[Opening Dataset entries section]

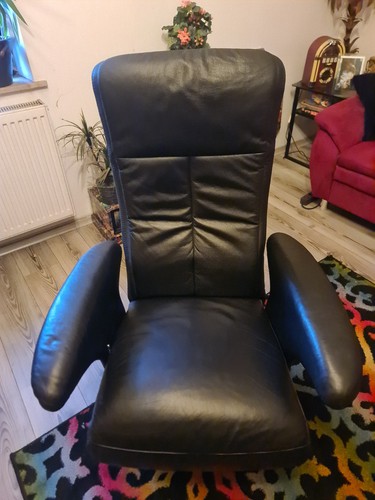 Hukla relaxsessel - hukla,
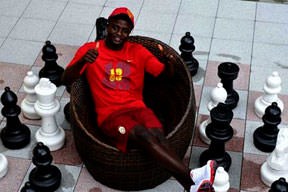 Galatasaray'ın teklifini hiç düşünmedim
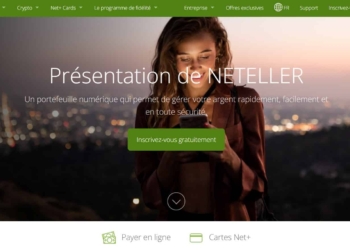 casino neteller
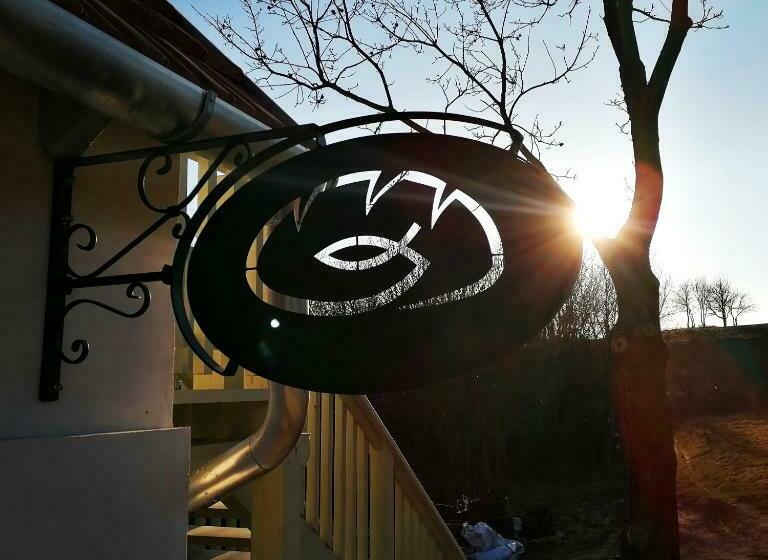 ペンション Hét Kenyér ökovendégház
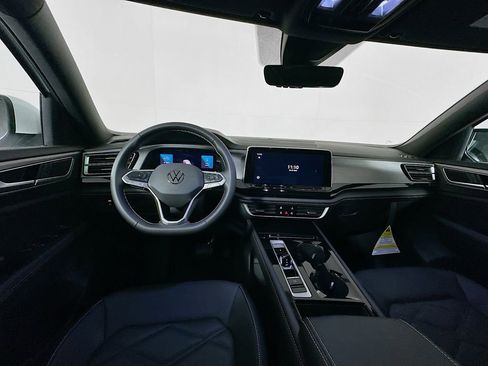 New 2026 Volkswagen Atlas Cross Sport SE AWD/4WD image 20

[Closing Dataset entries section]

_Problem statement_
The data must be repeated exactly. Any pictures in it are to be left out.

_Response box_
 Hukla relaxsessel - hukla,
 Galatasaray'ın teklifini hiç düşünmedim
 casino neteller
 ペンション Hét Kenyér ökovendégház
 New 2026 Volkswagen Atlas Cross Sport SE AWD/4WD image 20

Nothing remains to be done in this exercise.